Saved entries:
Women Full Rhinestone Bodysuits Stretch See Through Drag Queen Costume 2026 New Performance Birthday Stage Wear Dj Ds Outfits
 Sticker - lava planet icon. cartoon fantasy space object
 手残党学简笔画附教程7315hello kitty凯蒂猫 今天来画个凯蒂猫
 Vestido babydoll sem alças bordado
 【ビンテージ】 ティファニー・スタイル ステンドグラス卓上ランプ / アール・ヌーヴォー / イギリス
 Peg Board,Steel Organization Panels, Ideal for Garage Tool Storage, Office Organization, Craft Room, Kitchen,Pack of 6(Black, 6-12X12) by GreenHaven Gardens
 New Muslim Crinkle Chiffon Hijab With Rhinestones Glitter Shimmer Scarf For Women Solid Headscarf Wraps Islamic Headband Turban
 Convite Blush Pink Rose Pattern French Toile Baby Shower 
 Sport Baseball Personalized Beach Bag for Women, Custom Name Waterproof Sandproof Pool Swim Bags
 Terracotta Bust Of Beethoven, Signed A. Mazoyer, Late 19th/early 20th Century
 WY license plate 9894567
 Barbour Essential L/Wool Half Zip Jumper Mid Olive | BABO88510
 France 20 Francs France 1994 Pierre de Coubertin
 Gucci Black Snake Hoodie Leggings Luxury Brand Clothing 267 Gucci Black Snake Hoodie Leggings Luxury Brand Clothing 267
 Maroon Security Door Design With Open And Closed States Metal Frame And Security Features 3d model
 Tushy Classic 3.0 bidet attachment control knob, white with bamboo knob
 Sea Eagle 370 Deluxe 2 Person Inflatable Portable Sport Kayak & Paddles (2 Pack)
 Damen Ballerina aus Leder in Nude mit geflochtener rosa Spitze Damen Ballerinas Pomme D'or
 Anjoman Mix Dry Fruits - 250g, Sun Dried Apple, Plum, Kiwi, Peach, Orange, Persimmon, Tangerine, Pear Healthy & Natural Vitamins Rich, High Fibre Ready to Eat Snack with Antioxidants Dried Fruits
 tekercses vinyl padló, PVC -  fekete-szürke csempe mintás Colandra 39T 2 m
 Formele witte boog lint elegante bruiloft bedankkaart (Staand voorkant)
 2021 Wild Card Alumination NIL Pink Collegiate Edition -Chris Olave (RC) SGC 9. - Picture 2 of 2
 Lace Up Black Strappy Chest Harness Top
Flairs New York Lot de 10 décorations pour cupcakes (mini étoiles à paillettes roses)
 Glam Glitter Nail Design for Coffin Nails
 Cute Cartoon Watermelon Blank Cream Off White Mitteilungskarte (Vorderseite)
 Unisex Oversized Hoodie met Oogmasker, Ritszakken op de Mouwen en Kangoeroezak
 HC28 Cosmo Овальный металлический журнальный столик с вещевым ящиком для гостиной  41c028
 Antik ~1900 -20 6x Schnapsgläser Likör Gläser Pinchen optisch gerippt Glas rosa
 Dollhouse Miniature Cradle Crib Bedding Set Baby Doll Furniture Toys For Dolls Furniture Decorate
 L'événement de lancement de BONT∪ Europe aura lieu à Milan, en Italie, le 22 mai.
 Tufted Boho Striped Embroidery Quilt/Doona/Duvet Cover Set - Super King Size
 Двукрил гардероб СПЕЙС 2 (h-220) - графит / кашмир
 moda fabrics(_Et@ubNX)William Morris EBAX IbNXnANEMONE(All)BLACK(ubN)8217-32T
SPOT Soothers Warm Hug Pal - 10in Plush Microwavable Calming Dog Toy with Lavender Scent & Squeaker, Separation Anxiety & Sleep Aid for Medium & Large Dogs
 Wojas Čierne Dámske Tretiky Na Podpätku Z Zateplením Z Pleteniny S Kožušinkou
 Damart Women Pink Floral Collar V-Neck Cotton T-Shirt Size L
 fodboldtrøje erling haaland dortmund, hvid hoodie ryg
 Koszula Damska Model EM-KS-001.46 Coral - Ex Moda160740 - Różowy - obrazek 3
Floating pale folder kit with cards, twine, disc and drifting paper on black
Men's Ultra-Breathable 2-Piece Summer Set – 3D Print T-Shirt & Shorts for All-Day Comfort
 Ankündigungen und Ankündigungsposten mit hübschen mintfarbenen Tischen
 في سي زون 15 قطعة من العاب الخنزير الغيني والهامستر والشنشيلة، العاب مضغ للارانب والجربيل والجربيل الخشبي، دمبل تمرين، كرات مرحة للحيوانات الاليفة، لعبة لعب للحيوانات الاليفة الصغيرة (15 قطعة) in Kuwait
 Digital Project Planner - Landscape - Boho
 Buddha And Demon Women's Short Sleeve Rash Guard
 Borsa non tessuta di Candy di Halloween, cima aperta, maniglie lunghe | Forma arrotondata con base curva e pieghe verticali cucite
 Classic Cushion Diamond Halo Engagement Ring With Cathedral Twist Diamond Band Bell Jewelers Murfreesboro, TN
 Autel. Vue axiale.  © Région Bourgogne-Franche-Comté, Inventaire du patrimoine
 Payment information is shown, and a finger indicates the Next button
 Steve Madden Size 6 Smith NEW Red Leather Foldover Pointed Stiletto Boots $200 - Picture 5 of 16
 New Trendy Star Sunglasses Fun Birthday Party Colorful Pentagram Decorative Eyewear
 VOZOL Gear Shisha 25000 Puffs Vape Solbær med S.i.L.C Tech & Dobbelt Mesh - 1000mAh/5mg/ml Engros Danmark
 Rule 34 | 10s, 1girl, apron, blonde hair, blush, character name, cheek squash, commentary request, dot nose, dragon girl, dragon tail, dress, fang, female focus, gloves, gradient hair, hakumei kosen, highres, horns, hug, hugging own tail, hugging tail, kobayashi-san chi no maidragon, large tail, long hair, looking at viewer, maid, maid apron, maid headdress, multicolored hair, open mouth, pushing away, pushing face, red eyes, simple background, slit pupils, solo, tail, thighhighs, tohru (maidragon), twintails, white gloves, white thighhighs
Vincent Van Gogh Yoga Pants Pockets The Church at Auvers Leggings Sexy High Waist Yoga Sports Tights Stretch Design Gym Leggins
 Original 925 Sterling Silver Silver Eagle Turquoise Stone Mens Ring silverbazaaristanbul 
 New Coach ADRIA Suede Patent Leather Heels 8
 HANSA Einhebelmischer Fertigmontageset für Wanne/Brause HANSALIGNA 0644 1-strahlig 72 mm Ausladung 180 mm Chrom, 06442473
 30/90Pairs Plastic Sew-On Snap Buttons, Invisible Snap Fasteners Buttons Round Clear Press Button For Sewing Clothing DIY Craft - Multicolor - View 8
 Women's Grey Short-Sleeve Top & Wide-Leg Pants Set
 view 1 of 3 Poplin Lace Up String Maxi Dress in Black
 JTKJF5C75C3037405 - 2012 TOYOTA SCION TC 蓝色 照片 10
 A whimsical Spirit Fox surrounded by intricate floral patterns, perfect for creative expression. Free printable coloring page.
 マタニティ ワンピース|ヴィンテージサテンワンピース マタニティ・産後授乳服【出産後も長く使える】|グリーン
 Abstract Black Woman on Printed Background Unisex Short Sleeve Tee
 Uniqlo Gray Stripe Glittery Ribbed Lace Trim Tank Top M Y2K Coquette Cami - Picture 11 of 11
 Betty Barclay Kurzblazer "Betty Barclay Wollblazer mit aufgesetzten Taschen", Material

(Exercise description):
All of the entries above need to be reproduced exactly.

(Result below):
Women Full Rhinestone Bodysuits Stretch See Through Drag Queen Costume 2026 New Performance Birthday Stage Wear Dj Ds Outfits
 Sticker - lava planet icon. cartoon fantasy space object
 手残党学简笔画附教程7315hello kitty凯蒂猫 今天来画个凯蒂猫
 Vestido babydoll sem alças bordado
 【ビンテージ】 ティファニー・スタイル ステンドグラス卓上ランプ / アール・ヌーヴォー / イギリス
 Peg Board,Steel Organization Panels, Ideal for Garage Tool Storage, Office Organization, Craft Room, Kitchen,Pack of 6(Black, 6-12X12) by GreenHaven Gardens
 New Muslim Crinkle Chiffon Hijab With Rhinestones Glitter Shimmer Scarf For Women Solid Headscarf Wraps Islamic Headband Turban
 Convite Blush Pink Rose Pattern French Toile Baby Shower 
 Sport Baseball Personalized Beach Bag for Women, Custom Name Waterproof Sandproof Pool Swim Bags
 Terracotta Bust Of Beethoven, Signed A. Mazoyer, Late 19th/early 20th Century
 WY license plate 9894567
 Barbour Essential L/Wool Half Zip Jumper Mid Olive | BABO88510
 France 20 Francs France 1994 Pierre de Coubertin
 Gucci Black Snake Hoodie Leggings Luxury Brand Clothing 267 Gucci Black Snake Hoodie Leggings Luxury Brand Clothing 267
 Maroon Security Door Design With Open And Closed States Metal Frame And Security Features 3d model
 Tushy Classic 3.0 bidet attachment control knob, white with bamboo knob
 Sea Eagle 370 Deluxe 2 Person Inflatable Portable Sport Kayak & Paddles (2 Pack)
 Damen Ballerina aus Leder in Nude mit geflochtener rosa Spitze Damen Ballerinas Pomme D'or
 Anjoman Mix Dry Fruits - 250g, Sun Dried Apple, Plum, Kiwi, Peach, Orange, Persimmon, Tangerine, Pear Healthy & Natural Vitamins Rich, High Fibre Ready to Eat Snack with Antioxidants Dried Fruits
 tekercses vinyl padló, PVC -  fekete-szürke csempe mintás Colandra 39T 2 m
 Formele witte boog lint elegante bruiloft bedankkaart (Staand voorkant)
 2021 Wild Card Alumination NIL Pink Collegiate Edition -Chris Olave (RC) SGC 9. - Picture 2 of 2
 Lace Up Black Strappy Chest Harness Top
Flairs New York Lot de 10 décorations pour cupcakes (mini étoiles à paillettes roses)
 Glam Glitter Nail Design for Coffin Nails
 Cute Cartoon Watermelon Blank Cream Off White Mitteilungskarte (Vorderseite)
 Unisex Oversized Hoodie met Oogmasker, Ritszakken op de Mouwen en Kangoeroezak
 HC28 Cosmo Овальный металлический журнальный столик с вещевым ящиком для гостиной  41c028
 Antik ~1900 -20 6x Schnapsgläser Likör Gläser Pinchen optisch gerippt Glas rosa
 Dollhouse Miniature Cradle Crib Bedding Set Baby Doll Furniture Toys For Dolls Furniture Decorate
 L'événement de lancement de BONT∪ Europe aura lieu à Milan, en Italie, le 22 mai.
 Tufted Boho Striped Embroidery Quilt/Doona/Duvet Cover Set - Super King Size
 Двукрил гардероб СПЕЙС 2 (h-220) - графит / кашмир
 moda fabrics(_Et@ubNX)William Morris EBAX IbNXnANEMONE(All)BLACK(ubN)8217-32T
SPOT Soothers Warm Hug Pal - 10in Plush Microwavable Calming Dog Toy with Lavender Scent & Squeaker, Separation Anxiety & Sleep Aid for Medium & Large Dogs
 Wojas Čierne Dámske Tretiky Na Podpätku Z Zateplením Z Pleteniny S Kožušinkou
 Damart Women Pink Floral Collar V-Neck Cotton T-Shirt Size L
 fodboldtrøje erling haaland dortmund, hvid hoodie ryg
 Koszula Damska Model EM-KS-001.46 Coral - Ex Moda160740 - Różowy - obrazek 3
Floating pale folder kit with cards, twine, disc and drifting paper on black
Men's Ultra-Breathable 2-Piece Summer Set – 3D Print T-Shirt & Shorts for All-Day Comfort
 Ankündigungen und Ankündigungsposten mit hübschen mintfarbenen Tischen
 في سي زون 15 قطعة من العاب الخنزير الغيني والهامستر والشنشيلة، العاب مضغ للارانب والجربيل والجربيل الخشبي، دمبل تمرين، كرات مرحة للحيوانات الاليفة، لعبة لعب للحيوانات الاليفة الصغيرة (15 قطعة) in Kuwait
 Digital Project Planner - Landscape - Boho
 Buddha And Demon Women's Short Sleeve Rash Guard
 Borsa non tessuta di Candy di Halloween, cima aperta, maniglie lunghe | Forma arrotondata con base curva e pieghe verticali cucite
 Classic Cushion Diamond Halo Engagement Ring With Cathedral Twist Diamond Band Bell Jewelers Murfreesboro, TN
 Autel. Vue axiale.  © Région Bourgogne-Franche-Comté, Inventaire du patrimoine
 Payment information is shown, and a finger indicates the Next button
 Steve Madden Size 6 Smith NEW Red Leather Foldover Pointed Stiletto Boots $200 - Picture 5 of 16
 New Trendy Star Sunglasses Fun Birthday Party Colorful Pentagram Decorative Eyewear
 VOZOL Gear Shisha 25000 Puffs Vape Solbær med S.i.L.C Tech & Dobbelt Mesh - 1000mAh/5mg/ml Engros Danmark
 Rule 34 | 10s, 1girl, apron, blonde hair, blush, character name, cheek squash, commentary request, dot nose, dragon girl, dragon tail, dress, fang, female focus, gloves, gradient hair, hakumei kosen, highres, horns, hug, hugging own tail, hugging tail, kobayashi-san chi no maidragon, large tail, long hair, looking at viewer, maid, maid apron, maid headdress, multicolored hair, open mouth, pushing away, pushing face, red eyes, simple background, slit pupils, solo, tail, thighhighs, tohru (maidragon), twintails, white gloves, white thighhighs
Vincent Van Gogh Yoga Pants Pockets The Church at Auvers Leggings Sexy High Waist Yoga Sports Tights Stretch Design Gym Leggins
 Original 925 Sterling Silver Silver Eagle Turquoise Stone Mens Ring silverbazaaristanbul 
 New Coach ADRIA Suede Patent Leather Heels 8
 HANSA Einhebelmischer Fertigmontageset für Wanne/Brause HANSALIGNA 0644 1-strahlig 72 mm Ausladung 180 mm Chrom, 06442473
 30/90Pairs Plastic Sew-On Snap Buttons, Invisible Snap Fasteners Buttons Round Clear Press Button For Sewing Clothing DIY Craft - Multicolor - View 8
 Women's Grey Short-Sleeve Top & Wide-Leg Pants Set
 view 1 of 3 Poplin Lace Up String Maxi Dress in Black
 JTKJF5C75C3037405 - 2012 TOYOTA SCION TC 蓝色 照片 10
 A whimsical Spirit Fox surrounded by intricate floral patterns, perfect for creative expression. Free printable coloring page.
 マタニティ ワンピース|ヴィンテージサテンワンピース マタニティ・産後授乳服【出産後も長く使える】|グリーン
 Abstract Black Woman on Printed Background Unisex Short Sleeve Tee
 Uniqlo Gray Stripe Glittery Ribbed Lace Trim Tank Top M Y2K Coquette Cami - Picture 11 of 11
 Betty Barclay Kurzblazer "Betty Barclay Wollblazer mit aufgesetzten Taschen", Material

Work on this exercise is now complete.